PROMPT:
The answer consists solely of the listing's lines from the first through the line containing "Torrevieja - Playa del Cura", each reproduced exactly.

SOURCE INFORMATION:

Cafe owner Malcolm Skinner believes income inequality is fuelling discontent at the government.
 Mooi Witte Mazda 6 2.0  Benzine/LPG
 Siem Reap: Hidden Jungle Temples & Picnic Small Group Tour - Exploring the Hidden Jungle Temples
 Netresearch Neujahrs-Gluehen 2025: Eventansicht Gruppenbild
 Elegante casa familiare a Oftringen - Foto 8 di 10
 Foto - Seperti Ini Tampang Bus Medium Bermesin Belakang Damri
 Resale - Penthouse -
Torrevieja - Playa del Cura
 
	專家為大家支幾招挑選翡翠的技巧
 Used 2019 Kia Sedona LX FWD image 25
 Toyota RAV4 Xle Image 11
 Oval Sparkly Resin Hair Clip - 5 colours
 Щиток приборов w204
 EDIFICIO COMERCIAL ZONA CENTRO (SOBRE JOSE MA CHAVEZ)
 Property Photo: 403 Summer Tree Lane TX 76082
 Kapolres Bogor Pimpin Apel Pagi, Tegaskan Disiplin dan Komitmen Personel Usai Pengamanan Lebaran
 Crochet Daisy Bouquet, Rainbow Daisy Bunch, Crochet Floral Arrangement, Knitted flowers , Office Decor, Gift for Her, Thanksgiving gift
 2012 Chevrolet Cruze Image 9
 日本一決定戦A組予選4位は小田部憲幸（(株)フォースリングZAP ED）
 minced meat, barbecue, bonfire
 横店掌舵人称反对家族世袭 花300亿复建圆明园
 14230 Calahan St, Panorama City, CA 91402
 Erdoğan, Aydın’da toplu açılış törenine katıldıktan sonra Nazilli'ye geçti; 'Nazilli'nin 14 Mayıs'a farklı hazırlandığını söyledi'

PROBLEM SOLUTION:
Cafe owner Malcolm Skinner believes income inequality is fuelling discontent at the government.
 Mooi Witte Mazda 6 2.0  Benzine/LPG
 Siem Reap: Hidden Jungle Temples & Picnic Small Group Tour - Exploring the Hidden Jungle Temples
 Netresearch Neujahrs-Gluehen 2025: Eventansicht Gruppenbild
 Elegante casa familiare a Oftringen - Foto 8 di 10
 Foto - Seperti Ini Tampang Bus Medium Bermesin Belakang Damri
 Resale - Penthouse -
Torrevieja - Playa del Cura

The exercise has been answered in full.